While retiring to Persia for these private
reasons, that He might muse on the past and the future, and link sacred
memories to solemn anticipations, Jesus did not by any means live there a life
of seclusion and solitary meditation. On the contrary, during His sojourn in
that neighborhood, He was unusually busy healing the sick, teaching the
multitude "as He was wont" (so Mark states, with a mental reference to the past
ministry in Galilee), answering inquiries, receiving visits, granting favors.
"Many resorted unto Him" there on various errands. Pharisees came, asking
entangling questions about marriage and divorce, hoping to catch Him in a trap,
and commit Him to the expression of an opinion which would make Him unpopular
with some party or school, Hillel's or Shammai's,[16.5] it did not matter
which. A young ruler came with more honorable intent, to inquire how he might
obtain eternal life. Mothers came with their little ones, beseeching for them
His blessing, thinking it worth getting, and not fearing denial; and messengers
came with sorrowful tidings from friends, who looked to Him as their comfort in
the time of trouble.[16.6]
Though busily occupied among the thronging crowd,
Jesus contrived to have some leisure hours with His chosen disciples, during
which He taught them some new lessons on the doctrine of the divine kingdom.

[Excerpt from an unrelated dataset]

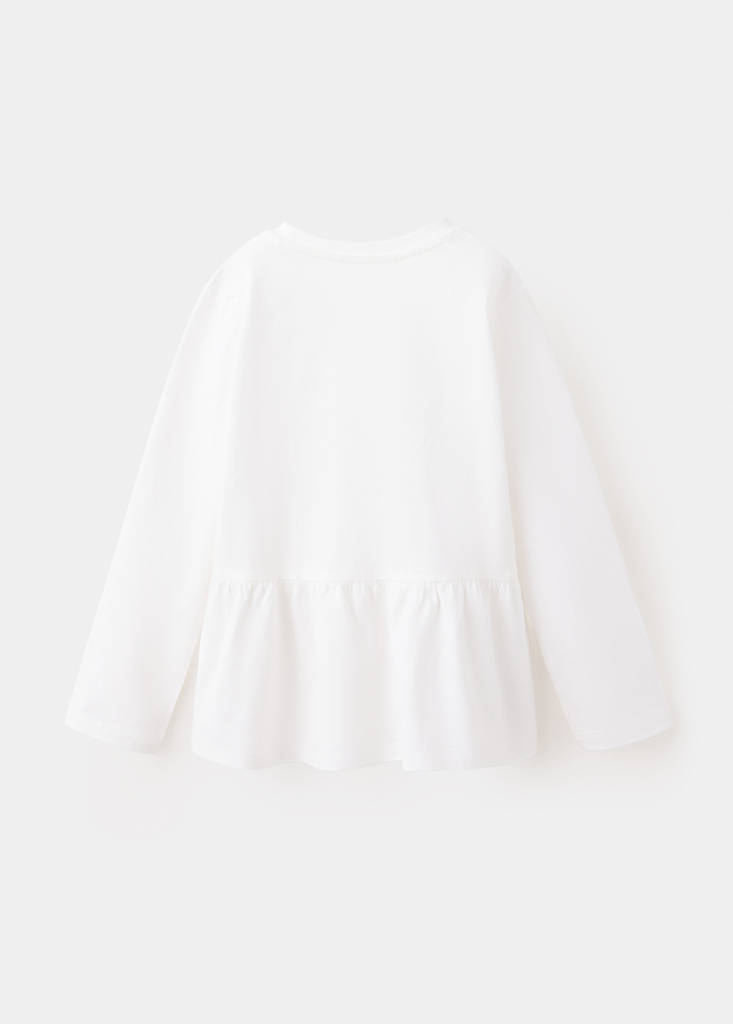 Ruffle cotton T-shirt — Off White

The subject of these lessons was sacrifice for the sake of the kingdom--a theme
congenial to the place, the time, the situation, and the mood of the Teacher.
The external occasion suggesting that topic was supplied by the interviews
Jesus had had with the Pharisees and the young ruler. These interviews
naturally led Him to speak to His disciples on the subject of self-sacrifice
under two special forms,--abstinence from marriage and renunciation of
property,--though He did not confine His discourse to these points, but went on
to set forth the rewards of self-sacrifice in any form, and the spirit in which
all sacrifices must be performed, in order to possess value in God's sight.

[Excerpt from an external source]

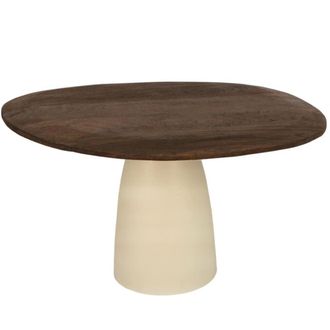 Moloo Mesa de comedor redonda 4 personas d140 madera marr&oacute;n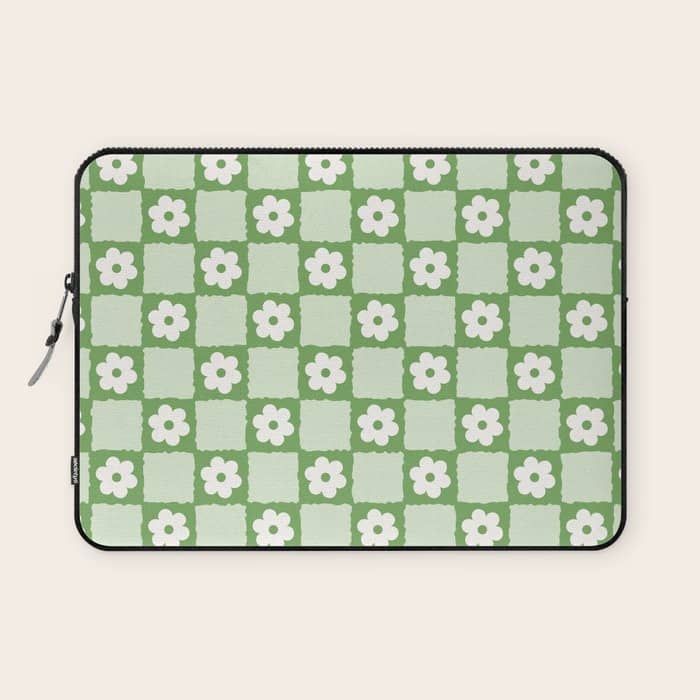 Retro Flower Checker In Forest Green Laptop Sleeve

The Pharisees, we read, "came unto Him, tempting
Him, and saying, Is it lawful for a man to put away his wife for every cause?"

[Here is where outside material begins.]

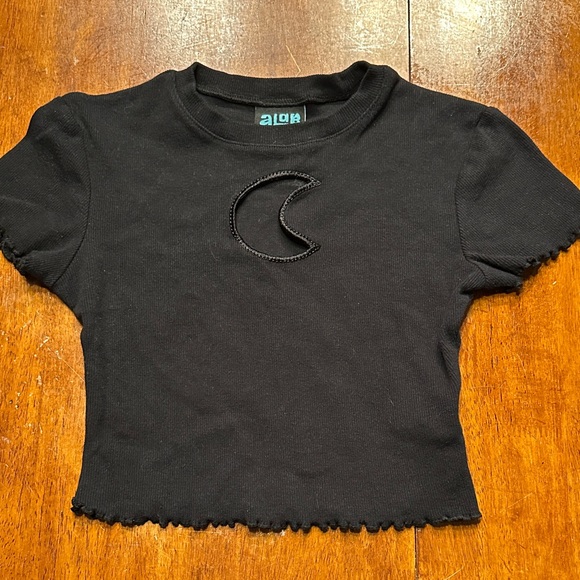 aLab Tops - aLab Crop Top with a Crescent Moon CutoutDesign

To this question Jesus replied, by laying down the primitive principle, that
divorce was justified only by conjugal infidelity, and by explaining, that any
thing to the contrary in the law of Moses was simply an accommodation to the
hardness of men's hearts. The disciples heard this reply, and they made their
own remarks on it. They said to Jesus: "If the case of the man be so with his
wife, it is not good to marry." The view enunciated by their Master, which took
no account of incompatibility of temper, involuntary dislike, uncongeniality of
habits, differences in religion, quarrels among relatives, as pleas for
separation, seemed very stringent even to them; and they thought that a man
would do well to consider what he was about before committing himself to a
life-long engagement with such possibilities before him, and to ask himself
whether it would not be better, on the whole, to steer clear of such a sea of
troubles, by abstaining from wedlock altogether.
The impromptu remark of the disciples, viewed in
connection with its probable motives, was not a very wise one; yet it is to be
observed that Jesus did not absolutely disapprove of it. He spoke as if He
rather sympathized with the feeling in favor of celibacy,--as if to abstain
from marriage were the better and wiser way, and only not to be required of men
because for the majority it was impracticable. "But he said unto them, All men
cannot receive this saying, save they to whom it is given." Then going on to
enumerate the cases in which, from any cause, men remained unmarried, He spoke
with apparent approbation of some who voluntarily, and from high and holy
motives, denied themselves the comfort of family relationships: "There be
eunuchs which have made themselves eunuchs for the kingdom of heaven's sake."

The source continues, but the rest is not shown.